▶ _Your goal_: The entries below must be returned exactly as they stand.

Short web captions
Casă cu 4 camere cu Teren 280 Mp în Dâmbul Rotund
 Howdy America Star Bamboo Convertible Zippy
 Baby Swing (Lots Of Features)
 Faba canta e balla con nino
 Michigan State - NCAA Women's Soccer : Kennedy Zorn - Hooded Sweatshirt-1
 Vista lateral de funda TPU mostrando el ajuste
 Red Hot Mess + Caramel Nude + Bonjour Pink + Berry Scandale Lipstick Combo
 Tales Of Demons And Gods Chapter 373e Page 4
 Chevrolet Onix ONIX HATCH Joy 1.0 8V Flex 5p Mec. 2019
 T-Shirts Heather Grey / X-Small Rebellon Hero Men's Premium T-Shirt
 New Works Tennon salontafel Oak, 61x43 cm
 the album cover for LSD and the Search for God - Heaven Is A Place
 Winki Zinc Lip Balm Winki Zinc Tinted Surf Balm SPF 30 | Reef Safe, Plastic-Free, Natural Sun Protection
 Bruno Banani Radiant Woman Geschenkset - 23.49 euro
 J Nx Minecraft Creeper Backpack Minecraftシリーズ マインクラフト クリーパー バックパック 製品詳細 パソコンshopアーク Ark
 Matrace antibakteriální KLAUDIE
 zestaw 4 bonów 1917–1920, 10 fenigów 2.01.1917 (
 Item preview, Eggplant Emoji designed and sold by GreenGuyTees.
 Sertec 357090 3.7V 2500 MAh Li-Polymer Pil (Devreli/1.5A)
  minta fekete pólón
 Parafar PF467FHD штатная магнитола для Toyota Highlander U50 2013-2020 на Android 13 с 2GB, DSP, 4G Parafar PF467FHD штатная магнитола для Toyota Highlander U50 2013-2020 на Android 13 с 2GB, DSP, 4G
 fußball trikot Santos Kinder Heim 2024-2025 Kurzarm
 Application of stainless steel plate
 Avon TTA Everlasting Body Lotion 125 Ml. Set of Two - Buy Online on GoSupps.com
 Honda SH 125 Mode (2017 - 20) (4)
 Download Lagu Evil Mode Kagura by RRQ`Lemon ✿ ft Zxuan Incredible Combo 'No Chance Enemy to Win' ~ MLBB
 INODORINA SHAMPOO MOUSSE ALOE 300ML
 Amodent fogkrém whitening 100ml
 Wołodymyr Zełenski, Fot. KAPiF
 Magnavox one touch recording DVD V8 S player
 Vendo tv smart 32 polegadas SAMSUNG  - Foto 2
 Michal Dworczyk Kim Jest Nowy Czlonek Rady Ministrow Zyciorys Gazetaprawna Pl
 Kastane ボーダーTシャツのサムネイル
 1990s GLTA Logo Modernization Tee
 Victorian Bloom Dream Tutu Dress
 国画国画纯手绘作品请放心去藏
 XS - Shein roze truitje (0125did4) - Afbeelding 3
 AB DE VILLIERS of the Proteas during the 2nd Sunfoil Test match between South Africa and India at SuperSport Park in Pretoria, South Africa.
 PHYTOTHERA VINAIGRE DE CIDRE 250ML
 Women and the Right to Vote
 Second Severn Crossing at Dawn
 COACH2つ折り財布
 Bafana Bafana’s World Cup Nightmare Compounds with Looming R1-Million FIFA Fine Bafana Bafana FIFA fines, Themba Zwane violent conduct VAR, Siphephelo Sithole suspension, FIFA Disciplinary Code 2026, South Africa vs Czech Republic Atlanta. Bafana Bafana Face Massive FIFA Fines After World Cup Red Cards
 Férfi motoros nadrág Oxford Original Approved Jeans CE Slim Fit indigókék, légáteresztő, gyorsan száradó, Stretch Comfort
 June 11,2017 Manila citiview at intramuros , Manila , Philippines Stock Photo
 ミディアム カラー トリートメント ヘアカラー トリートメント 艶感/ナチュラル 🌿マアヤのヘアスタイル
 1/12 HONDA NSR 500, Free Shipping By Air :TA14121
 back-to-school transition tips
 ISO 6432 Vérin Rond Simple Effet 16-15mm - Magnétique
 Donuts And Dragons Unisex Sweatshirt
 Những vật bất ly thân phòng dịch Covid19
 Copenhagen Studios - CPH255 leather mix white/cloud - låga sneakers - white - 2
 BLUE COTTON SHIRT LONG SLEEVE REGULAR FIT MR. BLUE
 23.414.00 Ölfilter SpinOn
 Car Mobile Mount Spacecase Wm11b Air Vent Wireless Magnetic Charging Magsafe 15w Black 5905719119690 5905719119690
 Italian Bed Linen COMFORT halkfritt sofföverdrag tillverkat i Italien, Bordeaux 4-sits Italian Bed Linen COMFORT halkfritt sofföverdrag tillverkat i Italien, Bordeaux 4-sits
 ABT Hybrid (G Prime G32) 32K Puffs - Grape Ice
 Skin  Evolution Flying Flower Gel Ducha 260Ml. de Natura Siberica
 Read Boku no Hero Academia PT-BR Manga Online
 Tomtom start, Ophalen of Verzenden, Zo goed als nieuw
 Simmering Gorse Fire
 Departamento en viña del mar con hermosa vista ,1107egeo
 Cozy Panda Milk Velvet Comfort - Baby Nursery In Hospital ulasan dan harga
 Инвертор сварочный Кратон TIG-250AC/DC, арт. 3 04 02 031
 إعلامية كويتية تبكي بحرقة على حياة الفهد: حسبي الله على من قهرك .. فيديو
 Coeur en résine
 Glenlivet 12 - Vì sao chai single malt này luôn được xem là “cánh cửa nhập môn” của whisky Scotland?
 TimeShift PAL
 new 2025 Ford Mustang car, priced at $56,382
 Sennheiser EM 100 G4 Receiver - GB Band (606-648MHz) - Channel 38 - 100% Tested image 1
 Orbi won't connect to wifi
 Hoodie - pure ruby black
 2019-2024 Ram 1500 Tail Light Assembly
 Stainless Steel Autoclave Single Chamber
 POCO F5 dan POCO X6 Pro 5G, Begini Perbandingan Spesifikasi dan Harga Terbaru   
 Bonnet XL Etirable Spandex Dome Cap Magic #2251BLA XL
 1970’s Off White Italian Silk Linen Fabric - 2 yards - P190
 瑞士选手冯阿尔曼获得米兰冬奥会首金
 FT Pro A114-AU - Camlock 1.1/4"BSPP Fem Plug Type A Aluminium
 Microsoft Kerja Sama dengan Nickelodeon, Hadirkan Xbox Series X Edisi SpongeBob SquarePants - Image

▶ _Completed task_:
Casă cu 4 camere cu Teren 280 Mp în Dâmbul Rotund
 Howdy America Star Bamboo Convertible Zippy
 Baby Swing (Lots Of Features)
 Faba canta e balla con nino
 Michigan State - NCAA Women's Soccer : Kennedy Zorn - Hooded Sweatshirt-1
 Vista lateral de funda TPU mostrando el ajuste
 Red Hot Mess + Caramel Nude + Bonjour Pink + Berry Scandale Lipstick Combo
 Tales Of Demons And Gods Chapter 373e Page 4
 Chevrolet Onix ONIX HATCH Joy 1.0 8V Flex 5p Mec. 2019
 T-Shirts Heather Grey / X-Small Rebellon Hero Men's Premium T-Shirt
 New Works Tennon salontafel Oak, 61x43 cm
 the album cover for LSD and the Search for God - Heaven Is A Place
 Winki Zinc Lip Balm Winki Zinc Tinted Surf Balm SPF 30 | Reef Safe, Plastic-Free, Natural Sun Protection
 Bruno Banani Radiant Woman Geschenkset - 23.49 euro
 J Nx Minecraft Creeper Backpack Minecraftシリーズ マインクラフト クリーパー バックパック 製品詳細 パソコンshopアーク Ark
 Matrace antibakteriální KLAUDIE
 zestaw 4 bonów 1917–1920, 10 fenigów 2.01.1917 (
 Item preview, Eggplant Emoji designed and sold by GreenGuyTees.
 Sertec 357090 3.7V 2500 MAh Li-Polymer Pil (Devreli/1.5A)
  minta fekete pólón
 Parafar PF467FHD штатная магнитола для Toyota Highlander U50 2013-2020 на Android 13 с 2GB, DSP, 4G Parafar PF467FHD штатная магнитола для Toyota Highlander U50 2013-2020 на Android 13 с 2GB, DSP, 4G
 fußball trikot Santos Kinder Heim 2024-2025 Kurzarm
 Application of stainless steel plate
 Avon TTA Everlasting Body Lotion 125 Ml. Set of Two - Buy Online on GoSupps.com
 Honda SH 125 Mode (2017 - 20) (4)
 Download Lagu Evil Mode Kagura by RRQ`Lemon ✿ ft Zxuan Incredible Combo 'No Chance Enemy to Win' ~ MLBB
 INODORINA SHAMPOO MOUSSE ALOE 300ML
 Amodent fogkrém whitening 100ml
 Wołodymyr Zełenski, Fot. KAPiF
 Magnavox one touch recording DVD V8 S player
 Vendo tv smart 32 polegadas SAMSUNG  - Foto 2
 Michal Dworczyk Kim Jest Nowy Czlonek Rady Ministrow Zyciorys Gazetaprawna Pl
 Kastane ボーダーTシャツのサムネイル
 1990s GLTA Logo Modernization Tee
 Victorian Bloom Dream Tutu Dress
 国画国画纯手绘作品请放心去藏
 XS - Shein roze truitje (0125did4) - Afbeelding 3
 AB DE VILLIERS of the Proteas during the 2nd Sunfoil Test match between South Africa and India at SuperSport Park in Pretoria, South Africa.
 PHYTOTHERA VINAIGRE DE CIDRE 250ML
 Women and the Right to Vote
 Second Severn Crossing at Dawn
 COACH2つ折り財布
 Bafana Bafana’s World Cup Nightmare Compounds with Looming R1-Million FIFA Fine Bafana Bafana FIFA fines, Themba Zwane violent conduct VAR, Siphephelo Sithole suspension, FIFA Disciplinary Code 2026, South Africa vs Czech Republic Atlanta. Bafana Bafana Face Massive FIFA Fines After World Cup Red Cards
 Férfi motoros nadrág Oxford Original Approved Jeans CE Slim Fit indigókék, légáteresztő, gyorsan száradó, Stretch Comfort
 June 11,2017 Manila citiview at intramuros , Manila , Philippines Stock Photo
 ミディアム カラー トリートメント ヘアカラー トリートメント 艶感/ナチュラル 🌿マアヤのヘアスタイル
 1/12 HONDA NSR 500, Free Shipping By Air :TA14121
 back-to-school transition tips
 ISO 6432 Vérin Rond Simple Effet 16-15mm - Magnétique
 Donuts And Dragons Unisex Sweatshirt
 Những vật bất ly thân phòng dịch Covid19
 Copenhagen Studios - CPH255 leather mix white/cloud - låga sneakers - white - 2
 BLUE COTTON SHIRT LONG SLEEVE REGULAR FIT MR. BLUE
 23.414.00 Ölfilter SpinOn
 Car Mobile Mount Spacecase Wm11b Air Vent Wireless Magnetic Charging Magsafe 15w Black 5905719119690 5905719119690
 Italian Bed Linen COMFORT halkfritt sofföverdrag tillverkat i Italien, Bordeaux 4-sits Italian Bed Linen COMFORT halkfritt sofföverdrag tillverkat i Italien, Bordeaux 4-sits
 ABT Hybrid (G Prime G32) 32K Puffs - Grape Ice
 Skin  Evolution Flying Flower Gel Ducha 260Ml. de Natura Siberica
 Read Boku no Hero Academia PT-BR Manga Online
 Tomtom start, Ophalen of Verzenden, Zo goed als nieuw
 Simmering Gorse Fire
 Departamento en viña del mar con hermosa vista ,1107egeo
 Cozy Panda Milk Velvet Comfort - Baby Nursery In Hospital ulasan dan harga
 Инвертор сварочный Кратон TIG-250AC/DC, арт. 3 04 02 031
 إعلامية كويتية تبكي بحرقة على حياة الفهد: حسبي الله على من قهرك .. فيديو
 Coeur en résine
 Glenlivet 12 - Vì sao chai single malt này luôn được xem là “cánh cửa nhập môn” của whisky Scotland?
 TimeShift PAL
 new 2025 Ford Mustang car, priced at $56,382
 Sennheiser EM 100 G4 Receiver - GB Band (606-648MHz) - Channel 38 - 100% Tested image 1
 Orbi won't connect to wifi
 Hoodie - pure ruby black
 2019-2024 Ram 1500 Tail Light Assembly
 Stainless Steel Autoclave Single Chamber
 POCO F5 dan POCO X6 Pro 5G, Begini Perbandingan Spesifikasi dan Harga Terbaru   
 Bonnet XL Etirable Spandex Dome Cap Magic #2251BLA XL
 1970’s Off White Italian Silk Linen Fabric - 2 yards - P190
 瑞士选手冯阿尔曼获得米兰冬奥会首金
 FT Pro A114-AU - Camlock 1.1/4"BSPP Fem Plug Type A Aluminium
 Microsoft Kerja Sama dengan Nickelodeon, Hadirkan Xbox Series X Edisi SpongeBob SquarePants - Image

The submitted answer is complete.